Parece que vai por aí grande alvoroço porque a extrema-direita está a ganhar likes no TikTok e no Insta a todos os outros na geração entre os 18 e os 24 anos, e Portugal não é excepção, com o partido da taberna a liderar destacado. Porque em casa já ninguém fala com os filhos [como se antes falassem de outras coisas que não merdas de futebol, reality shows manhosos, e festivais de música pimba]. Porque estamos [estão] todos à mesa de telemóvel na mão [como se antes do telemóvel alguém falasse de política com os filhos à mesa, ou de outra coisa qualquer]. Porque os putos passam o dia, e a noite, na net [antes disto é porque viam demasiada televisão]. Porque se calhar é melhor meter alguma ordem na net e nas redes [antes disto chamava-se censura, e depois da ordem metida quando a direita se alçar ao poder só precisa acrescentar "nova"]. Tudo isto no país em que ninguém fala de política no local de trabalho, porque isso é com cada um, porque a minha política é o trabalho e depois o fora-de-jogo no domingo e o penálti por assinalar. Tudo isto pelos génios do génio que Obama foi por ganhar eleições a mexer-se bem no Facebook e no Twitter, estas novas ferramentas de comunicação. Sim, os fascistas podem, mais que não sejam porque não estão cá com merdas como os outros.

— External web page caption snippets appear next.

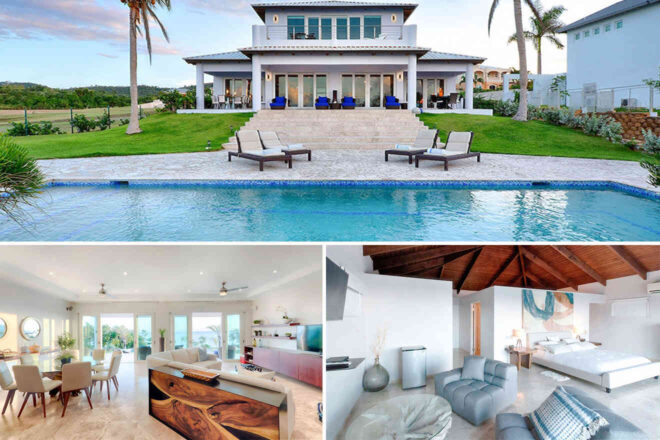 Two-story house with a pool and lounge chairs. Interior views show a modern living room and a bedroom with wooden ceilings and decor.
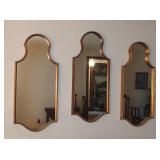 3 Hollywood Regency Matching Mirrors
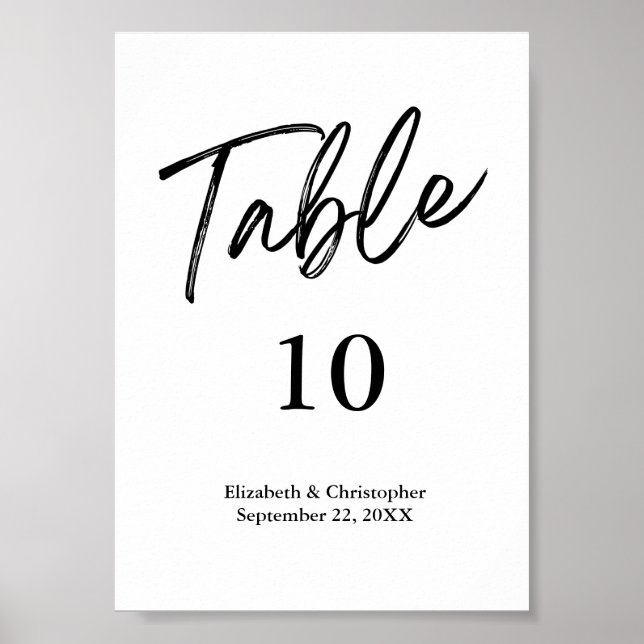 Poster Placas de Número da Mesa Preto Branco Casamento Mi (Frente)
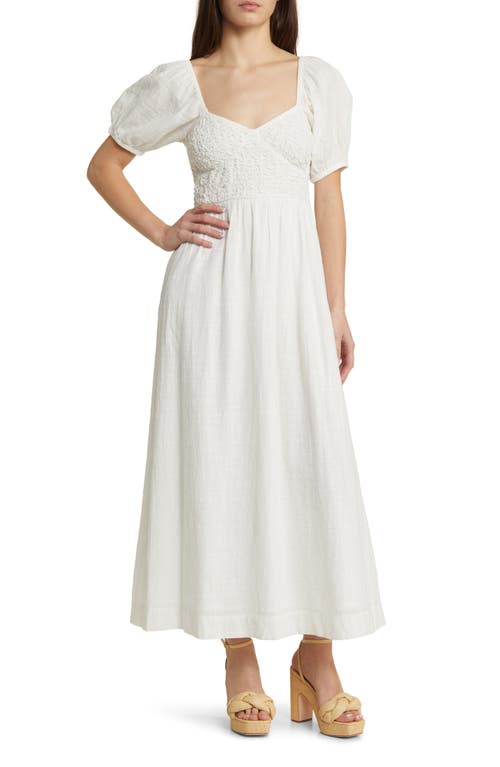Textured Bodice Maxi Dress in Ivory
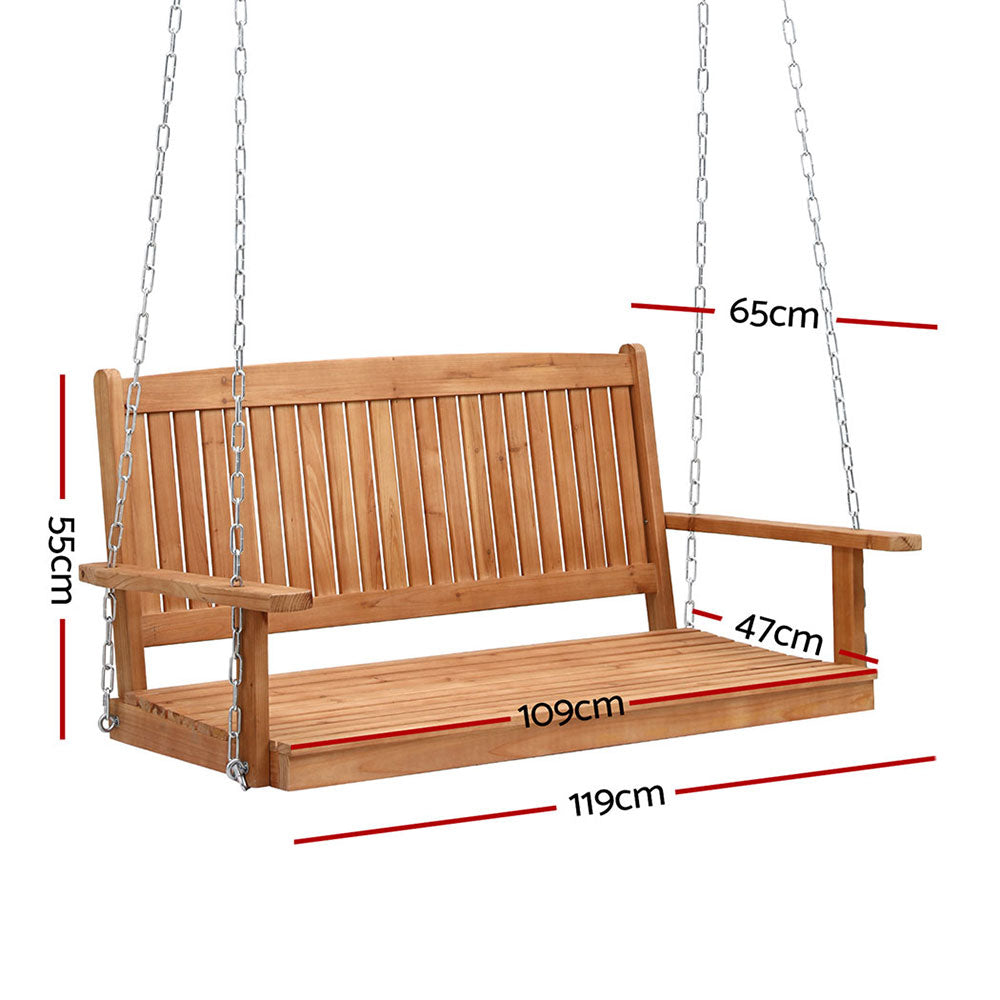 Bramley Wooden Porch Swing – Teak – 2 Seater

Por uma daquelas coincidências o dia em que o tablóide italiano Libero, cada vez mais encostado à extrema-direita, faz primeira página com Giorgia Meloni "Uomo Dell' Anno" é o dia em que a Il Venerdì, revista do diário La Repubblica, elege como homem do ano de 2024 Giacomo Matteotti, o deputado socialista assassinado pelos fascistas de Mussolini em... 1924. Percebemos todos ou fazemo-nos de desentendidos?
Começamos o séc. XXI com o regresso do fascismo. Em força. Em toda a Europa e nos Estados Unidos. E na Rússia, um dos países vencedores do fascismo no fim da II Guerra Mundial. Mas o comunismo não regressa. Antes pelo contrário, desaparece. E não só não regressa e desaparece como pisca o olho ao eleitorado do partido fascista. Certinho como o destino é a explicação "científica" do regresso do fascismo como a "decadência do capitalismo". Apesar do comunismo ter [de]caído primeiro. E da esquerda se ter demitido.
Na primeira página do Il Riformista les beaux esprits se rencontrent em Budapeste, na primeira página do Il Manifesto a ilha de Lampedusa está a rebentar pelas costuras com milhares de migrantes em condições que não aceitamos aceitáveis para animais. Como cantavam os outros nos 80s, "the future's so bright, i gotta wear shades".